Deploy FATE v1.5.0 with Docker Compose - FederatedAI/KubeFATE GitHub Wiki
With the release of FATE v1.5.0 with long-term support version, this document will outline how to quickly deploy and use it for federated learning with docker-compose.
This document will illustrate the deployment of FATE clusters on two Linux hosts with docker-compose.
Deployment of FATE with docker-compose requires three Linux machines, including two worker machines and one deployment machine.
-
Worker Machines: Linux OS (required); 8 cores and 16GB RAM (recommended)
-
Deployment Machine: Any machine running a Linux environment
In this tutorial, we will use a VMware workstation to create two virtual machines.
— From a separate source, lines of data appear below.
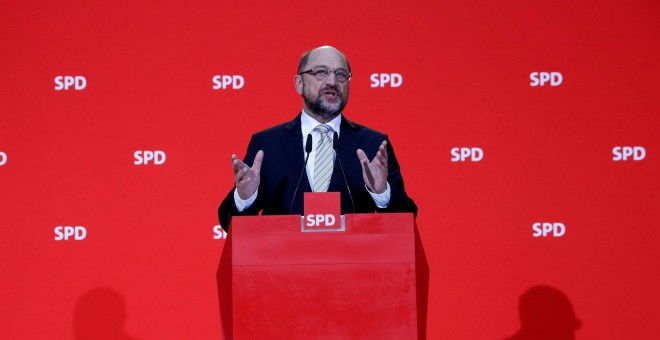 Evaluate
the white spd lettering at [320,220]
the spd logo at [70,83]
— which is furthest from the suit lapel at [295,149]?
the spd logo at [70,83]

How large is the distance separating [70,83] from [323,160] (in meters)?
1.64

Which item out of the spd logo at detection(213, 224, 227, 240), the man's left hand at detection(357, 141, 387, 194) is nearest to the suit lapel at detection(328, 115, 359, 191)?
the man's left hand at detection(357, 141, 387, 194)

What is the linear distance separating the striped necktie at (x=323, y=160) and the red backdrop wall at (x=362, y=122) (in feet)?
3.56

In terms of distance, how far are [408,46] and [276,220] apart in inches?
75.8

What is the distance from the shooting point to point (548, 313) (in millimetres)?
3785

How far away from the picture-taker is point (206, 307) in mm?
3807

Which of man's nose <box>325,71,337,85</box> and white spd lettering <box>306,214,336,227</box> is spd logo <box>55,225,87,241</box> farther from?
white spd lettering <box>306,214,336,227</box>

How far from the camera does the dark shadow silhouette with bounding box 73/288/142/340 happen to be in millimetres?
3791

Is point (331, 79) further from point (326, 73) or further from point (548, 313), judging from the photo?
point (548, 313)

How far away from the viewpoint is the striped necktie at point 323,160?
2.67 metres

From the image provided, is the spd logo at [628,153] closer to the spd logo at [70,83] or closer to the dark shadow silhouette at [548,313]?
the dark shadow silhouette at [548,313]

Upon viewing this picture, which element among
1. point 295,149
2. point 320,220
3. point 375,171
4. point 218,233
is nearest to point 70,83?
point 218,233

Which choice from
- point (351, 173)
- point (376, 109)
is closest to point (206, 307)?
point (376, 109)

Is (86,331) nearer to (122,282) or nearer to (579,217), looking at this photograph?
(122,282)
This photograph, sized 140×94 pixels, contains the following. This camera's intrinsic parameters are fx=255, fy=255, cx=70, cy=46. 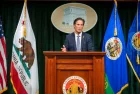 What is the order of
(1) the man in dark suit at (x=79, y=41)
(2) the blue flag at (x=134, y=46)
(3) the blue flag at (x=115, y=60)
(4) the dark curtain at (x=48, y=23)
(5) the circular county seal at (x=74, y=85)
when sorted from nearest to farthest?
(5) the circular county seal at (x=74, y=85)
(1) the man in dark suit at (x=79, y=41)
(3) the blue flag at (x=115, y=60)
(2) the blue flag at (x=134, y=46)
(4) the dark curtain at (x=48, y=23)

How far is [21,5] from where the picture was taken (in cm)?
468

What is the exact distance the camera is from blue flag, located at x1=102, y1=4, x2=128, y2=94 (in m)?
4.29

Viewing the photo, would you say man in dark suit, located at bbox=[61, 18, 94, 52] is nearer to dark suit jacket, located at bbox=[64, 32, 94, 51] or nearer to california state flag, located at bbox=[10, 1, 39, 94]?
dark suit jacket, located at bbox=[64, 32, 94, 51]

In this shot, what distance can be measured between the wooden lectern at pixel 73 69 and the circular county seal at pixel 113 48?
1796mm

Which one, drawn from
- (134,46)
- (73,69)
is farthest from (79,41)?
(134,46)

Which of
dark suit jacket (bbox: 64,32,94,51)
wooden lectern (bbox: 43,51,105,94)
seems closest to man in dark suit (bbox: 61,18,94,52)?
dark suit jacket (bbox: 64,32,94,51)

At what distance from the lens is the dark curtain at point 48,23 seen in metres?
4.67

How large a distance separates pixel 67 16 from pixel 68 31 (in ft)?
0.88

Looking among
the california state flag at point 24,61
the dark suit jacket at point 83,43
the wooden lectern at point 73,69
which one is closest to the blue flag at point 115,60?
the dark suit jacket at point 83,43

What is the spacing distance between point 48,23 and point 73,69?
2.27m

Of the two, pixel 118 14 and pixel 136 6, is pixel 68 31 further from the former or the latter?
pixel 136 6

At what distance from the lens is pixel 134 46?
4.44m

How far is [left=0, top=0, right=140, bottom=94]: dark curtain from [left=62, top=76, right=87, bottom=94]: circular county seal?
85.0 inches

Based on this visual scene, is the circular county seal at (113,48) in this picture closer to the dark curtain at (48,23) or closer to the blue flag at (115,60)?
the blue flag at (115,60) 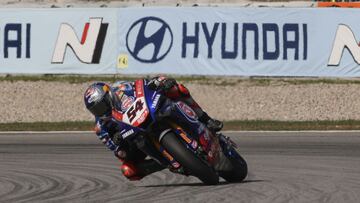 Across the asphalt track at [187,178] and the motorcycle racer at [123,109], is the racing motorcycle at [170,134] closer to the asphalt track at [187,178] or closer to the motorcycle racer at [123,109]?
the motorcycle racer at [123,109]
The local Windows WSL environment can be used as the deployment machine or either of the two virtual machines.
The details of the installation and deployment environments are as follows:
Role | Hostname | OS | IP |
---|---|---|---|
Worker Machine | partyA | CentOS 7 | 192.168.0.9 |
Worker Machine | partyB | CentOS 7 | 192.168.0.10 |
Deployment Machine (WSL) | localhost | Ubuntu-18.04 | localhost |
The following content assumes the FATE host runs on a CentOS environment, however, a user can easily switch to other OS like with slightly adjustment.
Perform these operations on both destination machines simultaneously.
# Turn firewall off
sudo systemctl stop firewalld
# View firewall status
sudo systemctl status firewalld
# step 1: Install the necessary system tools
sudo yum install -y yum-utils
# Step 2: Add the source information of the software
sudo yum-config-manager --add-repo https://download.docker.com/linux/centos/docker-ce.repo
# Step 3: Install Docker
sudo yum install docker-ce docker-ce-cli containerd.io
# Step 4: Start Docker service
sudo service docker start
# Verify that Docker is installed properly.
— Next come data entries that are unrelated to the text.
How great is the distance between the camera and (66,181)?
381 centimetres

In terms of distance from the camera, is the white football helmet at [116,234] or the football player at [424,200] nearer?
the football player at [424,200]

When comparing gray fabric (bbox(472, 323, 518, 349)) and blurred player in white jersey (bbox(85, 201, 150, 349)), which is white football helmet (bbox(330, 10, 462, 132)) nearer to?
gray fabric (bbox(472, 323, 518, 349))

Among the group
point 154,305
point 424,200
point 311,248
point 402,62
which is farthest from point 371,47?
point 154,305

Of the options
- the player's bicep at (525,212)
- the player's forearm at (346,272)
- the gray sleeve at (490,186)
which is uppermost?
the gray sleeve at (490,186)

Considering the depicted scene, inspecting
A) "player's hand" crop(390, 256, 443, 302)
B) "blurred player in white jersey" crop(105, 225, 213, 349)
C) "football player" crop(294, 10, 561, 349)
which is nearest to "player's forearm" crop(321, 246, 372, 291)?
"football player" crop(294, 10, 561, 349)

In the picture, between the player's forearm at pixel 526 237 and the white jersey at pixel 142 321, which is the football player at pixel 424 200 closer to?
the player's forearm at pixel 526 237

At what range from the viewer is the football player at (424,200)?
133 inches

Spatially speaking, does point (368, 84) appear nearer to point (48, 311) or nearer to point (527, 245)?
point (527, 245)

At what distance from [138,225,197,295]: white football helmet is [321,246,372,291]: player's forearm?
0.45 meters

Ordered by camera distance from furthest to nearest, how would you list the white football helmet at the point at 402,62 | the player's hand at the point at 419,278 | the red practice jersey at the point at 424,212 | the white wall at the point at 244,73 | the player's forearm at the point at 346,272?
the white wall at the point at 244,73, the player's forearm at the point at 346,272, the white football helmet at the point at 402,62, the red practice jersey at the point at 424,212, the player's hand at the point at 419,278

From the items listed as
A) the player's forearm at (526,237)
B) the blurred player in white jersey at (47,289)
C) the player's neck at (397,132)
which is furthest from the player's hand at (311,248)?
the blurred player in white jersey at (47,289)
sudo docker run hello-world
If a user fails to install docker through the above method, try others listed in installation methods.
# step 1: Download Docker Compose
sudo curl -L "https://github.com/docker/compose/releases/download/1.27.4/docker-compose-$(uname -s)-$(uname -m)" -o /usr/local/bin/docker-compose
# step 2: Add the executable privilege
sudo chmod +x /usr/local/bin/docker-compose
# step 3: Create a symbolic link to /usr/bin
sudo ln -s /usr/local/bin/docker-compose /usr/bin/docker-compose
# step 4: Test the installation
sudo docker-compose --version
If a user fails to install docker through the above method, try others listed in installation methods.
# Add a new user fate
sudo useradd -s /bin/bash -g docker -d /home/fate fate
# Set the user password
sudo passwd fate
Perform this operation on the deployment machine
# step 1: Generate public and private keys
ssh-keygen
# step 2: Send to partyA
ssh-copy-id -i ~/.ssh/id_rsa.pub [email protected]
# step 3: Send to partyB
ssh-copy-id -i ~/.ssh/id_rsa.pub [email protected]
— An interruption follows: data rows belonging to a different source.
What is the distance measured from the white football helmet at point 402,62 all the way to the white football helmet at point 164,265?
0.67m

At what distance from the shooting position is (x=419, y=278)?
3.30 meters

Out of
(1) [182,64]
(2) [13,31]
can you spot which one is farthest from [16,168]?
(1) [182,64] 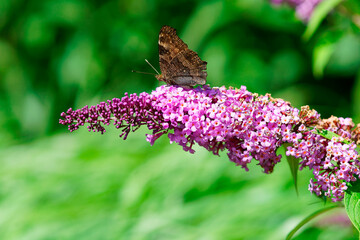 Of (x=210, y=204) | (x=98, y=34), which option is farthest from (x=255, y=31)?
(x=210, y=204)

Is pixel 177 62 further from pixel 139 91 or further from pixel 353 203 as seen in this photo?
pixel 139 91

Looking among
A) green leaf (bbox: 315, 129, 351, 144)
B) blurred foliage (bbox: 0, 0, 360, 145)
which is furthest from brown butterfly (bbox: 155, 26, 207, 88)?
blurred foliage (bbox: 0, 0, 360, 145)

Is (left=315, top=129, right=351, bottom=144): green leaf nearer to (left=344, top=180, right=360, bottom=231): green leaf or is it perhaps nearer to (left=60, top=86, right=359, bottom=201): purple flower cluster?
(left=60, top=86, right=359, bottom=201): purple flower cluster

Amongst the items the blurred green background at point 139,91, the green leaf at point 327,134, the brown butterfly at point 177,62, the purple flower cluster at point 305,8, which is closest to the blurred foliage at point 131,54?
the blurred green background at point 139,91

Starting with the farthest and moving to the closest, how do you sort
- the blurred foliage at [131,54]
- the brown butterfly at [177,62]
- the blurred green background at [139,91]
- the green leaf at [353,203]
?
1. the blurred foliage at [131,54]
2. the blurred green background at [139,91]
3. the brown butterfly at [177,62]
4. the green leaf at [353,203]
To install FATE, a user need to download the corresponding installation package, unzip, configure, then install. Here's the specific operation method:
Download the docker-compose FATE installation package on the deployment machine
# Download
wget https://github.com/FederatedAI/KubeFATE/releases/download/v1.5.0/kubefate-docker-compose-v1.5.0.tar.gz
# Unzip
tar -xvf kubefate-docker-compose-v1.5.0.tar.gz
# Go to the installation directory
cd docker-deploy
The Installation packages for all versions of FATE are available at https://github.com/FederatedAI/KubeFATE/releases
Deploy 9999 on partyA and 10000 on partyB, then fill in party_id and party_ip in that order.
$ vi parties.conf
#!/bin/bash
user=fate # The system user (corresponding to the new user above) who runs FATE
dir=/data/projects/fate # The file directory in which FATE runs
party_list=(10000 9999) # The party_id of deployment
party_ip_list=(192.168.0.10 192.168.0.9) # The party_id of FATE deployment
serving_ip_list=(192.168.0.10 192.168.0.9) # The party_id of FATE-Serving deployment
# computing_backend could be eggroll or spark.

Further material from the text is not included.